DATASET CONTENT:
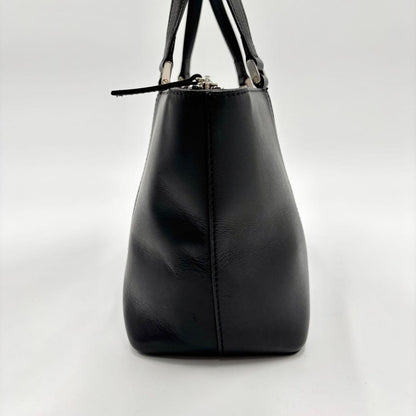 BURBERRY Hand Bag Tote Purse Nova Check Leather Black Authentic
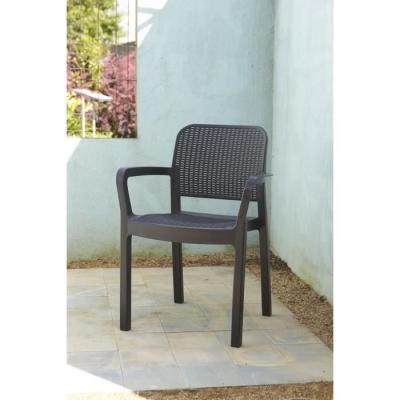 Ensemble de 6 fauteuils de jardin en résine gris graphite - Allibert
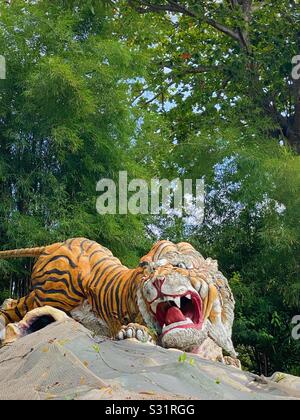 Sculpture of tiger at Haw Par Villa in Singapore. January 2020 Stock Photo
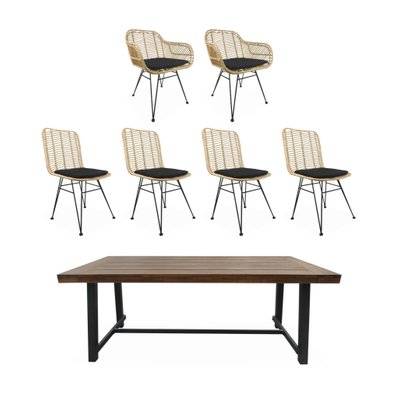 Table à manger bois et métal. 190cm + 2 fauteuils et 4 chaises en rotin naturel. coussins noirs - 3760388440047 - 3760388440047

PROBLEM REQUIREMENTS:
What should appear is an exact reproduction of the lines from the one with "Ensemble de 6" through the end of the material above, and no pictures.

WORKED SOLUTION:
 Ensemble de 6 fauteuils de jardin en résine gris graphite - Allibert
 Sculpture of tiger at Haw Par Villa in Singapore. January 2020 Stock Photo
 Table à manger bois et métal. 190cm + 2 fauteuils et 4 chaises en rotin naturel. coussins noirs - 3760388440047 - 3760388440047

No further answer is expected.